Dude is pumping out about a hundred pages a month, so this is likely to be my last Christopher Wilson review. It says it’s not AI. Meh. You start the cave in a dark cave chased by monsters at level one. You have no memories. This is fine, it’s level one, it’s the campaign starter. You are then attacked by 2d4 shadows with 11hp each, AC7, and strength drain. Presumably you don’t all die. (Later on you get attacked by 8 ghasts. AC3, 4HD, paralyze. You fucking enjoy that.) Someone, I guess, exits the four room cave to find a road with crucifixes down it, the dead party members on it, clinging to life with 1hp each. You head down the road to a town. People in the town forget things.  At night monsters that look like people come out to try and get inside buildings. But if you have this holy symbol inside and the doors and windows closed then they can’t get in. Yeah, I like From also. Spoilers! I think it’s … well, I won’t spoil it. But let’s just say there was a popular book about two people in Victorian times. DONT FUCKING RUIN IT IN THE COMMENTS. Mail me instead 🙂 Anyway, after the first night you bury some dead villagers (why were they out after dark? It’s not mentioned?) and then you fuck around until you hex crawl. There are a couple of places to explore in a rather large map, including a lighthouse in the mountains. Yeah, I like From also. Anyway, eventually you find out you’re actually dead and meet Charon in a bar and he takes you over the Styx and his brother picks you up in this carriage. It’s a long journey, you listen to Bro drone on and on, you get attacked, and make it to the halls of judgement, where you get reincarnated without any memories. So it’s all pointless. 

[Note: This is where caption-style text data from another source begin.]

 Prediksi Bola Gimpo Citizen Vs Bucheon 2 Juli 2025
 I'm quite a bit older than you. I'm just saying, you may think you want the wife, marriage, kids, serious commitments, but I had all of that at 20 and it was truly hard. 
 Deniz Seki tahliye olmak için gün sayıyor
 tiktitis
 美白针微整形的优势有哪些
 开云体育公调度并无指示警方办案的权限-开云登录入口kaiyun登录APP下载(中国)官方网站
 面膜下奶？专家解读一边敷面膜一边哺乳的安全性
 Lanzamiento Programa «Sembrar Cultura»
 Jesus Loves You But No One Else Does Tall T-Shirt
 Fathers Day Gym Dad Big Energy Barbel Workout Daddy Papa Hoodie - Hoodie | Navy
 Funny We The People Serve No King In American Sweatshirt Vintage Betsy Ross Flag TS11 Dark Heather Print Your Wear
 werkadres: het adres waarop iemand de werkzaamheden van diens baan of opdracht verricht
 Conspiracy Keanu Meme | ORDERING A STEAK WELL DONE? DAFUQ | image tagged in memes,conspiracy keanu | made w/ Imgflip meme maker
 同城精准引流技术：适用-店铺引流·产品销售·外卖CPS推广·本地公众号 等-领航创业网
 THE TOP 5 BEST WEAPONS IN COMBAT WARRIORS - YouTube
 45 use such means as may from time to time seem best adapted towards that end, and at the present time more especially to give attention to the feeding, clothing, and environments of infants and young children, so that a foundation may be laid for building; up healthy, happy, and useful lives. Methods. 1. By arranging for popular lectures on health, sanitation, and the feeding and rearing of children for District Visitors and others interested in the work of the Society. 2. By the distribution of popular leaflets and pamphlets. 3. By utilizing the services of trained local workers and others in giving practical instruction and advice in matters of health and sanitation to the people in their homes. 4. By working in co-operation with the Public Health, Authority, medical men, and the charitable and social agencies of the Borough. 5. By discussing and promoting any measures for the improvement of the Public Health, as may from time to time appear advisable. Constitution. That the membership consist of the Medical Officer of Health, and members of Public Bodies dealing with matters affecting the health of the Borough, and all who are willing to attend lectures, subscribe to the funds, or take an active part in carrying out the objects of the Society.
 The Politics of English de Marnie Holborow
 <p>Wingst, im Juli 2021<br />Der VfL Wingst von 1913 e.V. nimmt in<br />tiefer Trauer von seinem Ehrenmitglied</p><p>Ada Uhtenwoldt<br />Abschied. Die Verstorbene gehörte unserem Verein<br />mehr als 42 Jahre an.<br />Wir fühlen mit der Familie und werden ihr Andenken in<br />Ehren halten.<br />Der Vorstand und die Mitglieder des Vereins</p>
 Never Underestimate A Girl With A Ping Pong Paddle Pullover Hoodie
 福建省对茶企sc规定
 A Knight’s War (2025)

The designer notes that this level one adventure is exceptionally dangerous. And that if a PC dies they can walk out of the woods or the ever present fog or something, back again. So. No consequences. Ever. For anything. Do you think it was supposed to be a nihilistic metaphor? No, I’m reading too much in to it. Drawing parallels between it and reviewing adventures? 

You meet Madge, in the village, who monologues a giant exposition dump of read-aloud. A lot of things are behind “roll to continue” checks, so you nly get to go on to that part of the adventure f you pass a skill check. Which is always dumb. Sometimes monsters are highlighted with bolded text in the wall of text. Sometimes they are not. No idea; you got me. 

There are hints here and there of more interesting ideas, that are almost never followed up on or emphasized. There’s a key called “A Dirt Path That Was Once a Road.” That’s evocative. There’s also this enoughter is a crying baby in a basinet. And when you go check the crying stops and you find a dead baby. Ewwww! That’s great!

But these little moments are few and far between. And I’m not even sure I’m be able to list any others that struck me as much as those two did. For the most part it is exposition dump at you and being led around by others with little to no consequences for your actions or die rolls. I like From. I think the way they leave you with questions is a PERFECT implementation of leaving mystery and things unexplained in a campaign world, a setting, a key, whatever. It makes the mind race for an explanation, gets you excited, you want more. And, the core concept is decent, being implemented here as a village with a road and monsters that come out at night. It gets far, far weaker when it transitions in to the Undead/Stux/Charon nonsense once you find the ferry. The wilderness crawl has a point or two that is good, such as dead baby manor, but it just doesn’t feel meaningful or like it advances anything, either in the plot or in the characters.

Aimless, I think I’d call this. It doesn’t feel like free-form D&D and it doesn’t feel like plot D&D. As if, perhaps, the designer didn’t really know what they wanted to do here.

This is $9 at DriveThru. The preview is a pretty worthless first eight pages. It needed to show us some keys or something else of the actual adventure.